The icy clutch of winter, though waning, couldn’t have inspired any less fury in his weary bones. There was something dismal in returning from a journey. The ordeal had sloughed away, the finding was over. There was a bend in his shoulders under the layers of leather, blackened plate, and shifting, scraping, scales, though their jut was clouded by defiance, spiky hair framing a bruised face, the ridge of his jaw covered by a patchy beard. He’d gleaned his augury from the cackle of crows, and now, hearing the thrum of ragged wings, he scoured over the pewter-gray sky. They were a desultory lot, those eaters of carrion. They’d mocked him for so long, he couldn’t deny that he was partly bereft when they weren’t there.

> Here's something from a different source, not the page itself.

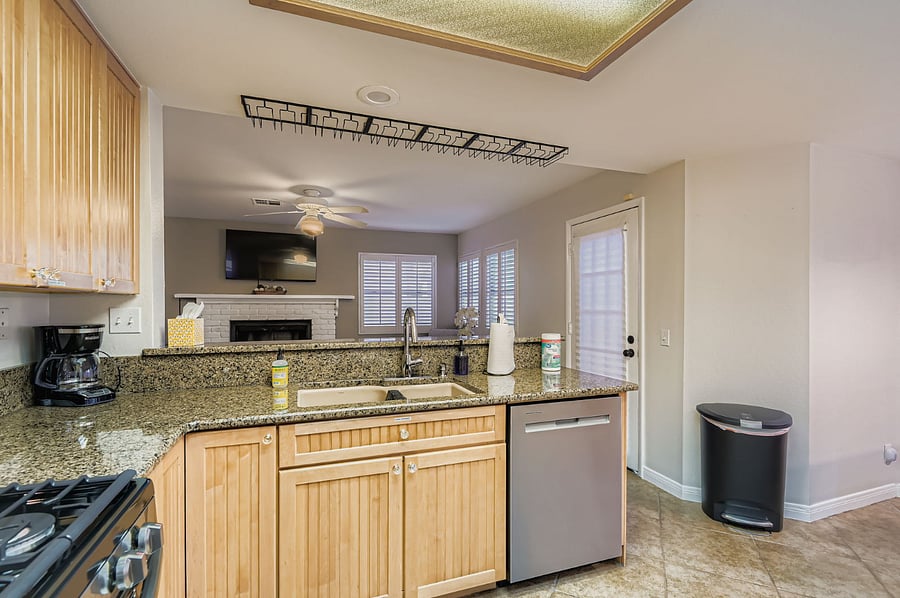 Furnished Finder property 884377_1 photo 24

Caw, they cried. Caw, caw.
“That’s enough of your japery,” he growled. “Those fiends of pipers skirl away, and you just shyke on statues, defying the only scrolls of musty, crumbling history that we’ve got left.” This was his vigil. The sunder of chains, the crushing of bones.

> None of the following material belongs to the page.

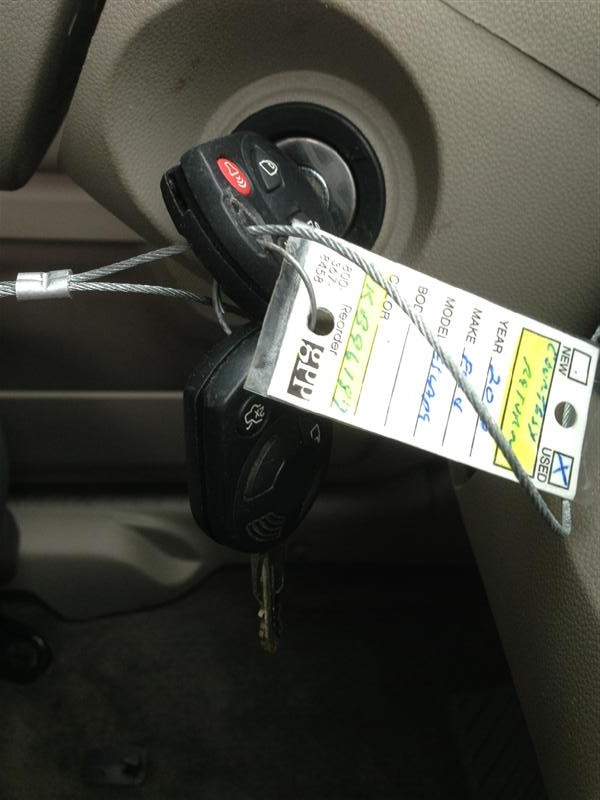 Pre-owned Car EscapeFord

But even then, he was only lusting for her, the fierce, inky-eyed savage who’d bound herself to him. He longed for the press of her sweaty flesh against his, the sweet nectar of her lips. Trudging through the ranks of gray birches, squat junipers, and firs redolent of pale, sticky resin, he tugged gloved fingers over the mark inscribed just under his ear, the one that wasn’t missing a crest of rubbery cartilage, and dreamed of what he’d find when he came through that final ravine. The city would sprawl before him, so huge, chimerical even from afar.

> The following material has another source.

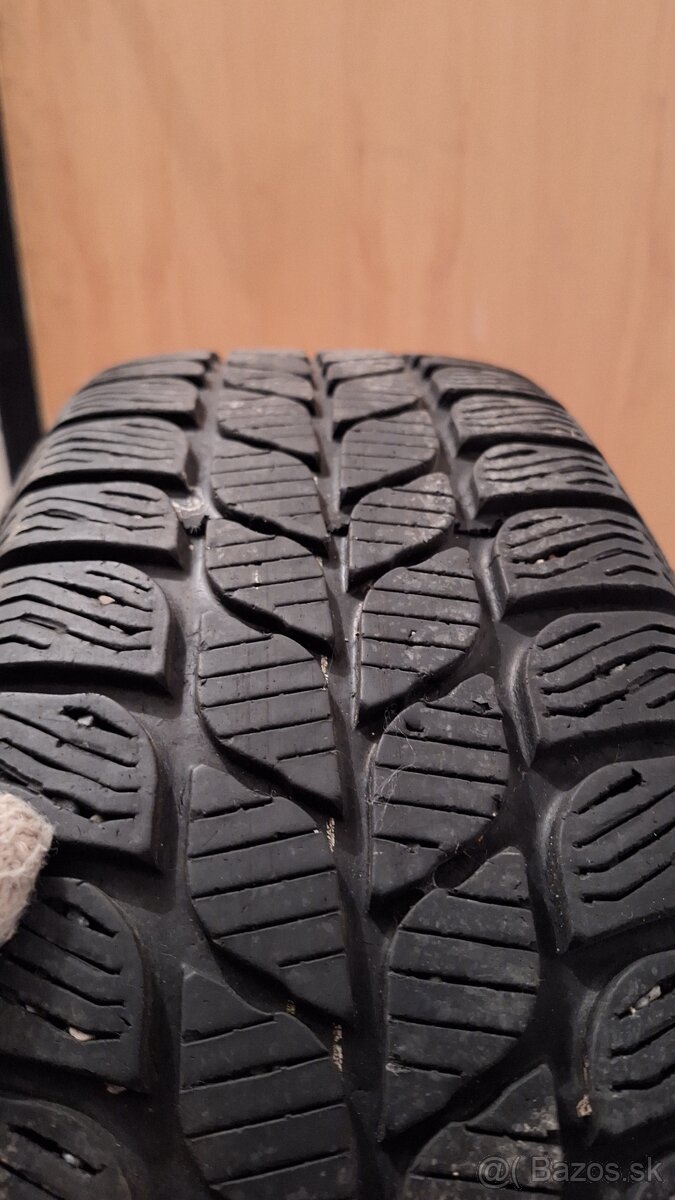 1 ks PIRELLI 195/65 R15 a 1ks POLARIS 3 195/65 R15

Biding for an instant, he took a glance back, scrying over the jut of boulders, an inexorable jigsaw only broken by patches of frosty heather and bracken, tufts of grass swaying in the gusts, tangled snarls of timber and crusts of lichen and fungi everywhere. The blotchy darker traces of melding ash where fires had once raced up desiccated slopes, braided by a scattering of brown needles, the tiny hard cones of conifers. Beyond, the flanges of peaks rose over spiny contours, plunging into gorges, into foggy, sheerly undulating valleys. They echoed with desolate mystery.
Ulric gave a shrug, shifting the cloak of heavy sable draped over his back, tangled at its base by briars. Bearing his heavy, ugly bulk of his crossbow, he turned back toward the distant beckon of the city. Look for me, he’d whispered into her ear. Look for me, when the folds of their blankets were scratchy on his back, her slender form beneath his tense, bunching muscles, coiled now in bitter repose. The demise of winter loomed. There was only a clash in the shadows, a clangor of war in the back of his head. They’d be leaving this city, the haunt of hopeless, irresolute dreamers, to venture over sea and through swamp, tundra, and forest in the hopes of finding a lost soul and flaying another from the depravity of her body.
And as he shambled ever onward, the very soil seemed to groan beneath him. He wasn’t just a man any longer. He was a prophet, cursed but defiant, marching to war with a sordid joy splayed over the scar of his grin. He grimly lusted for that carnage, but first he required warriors.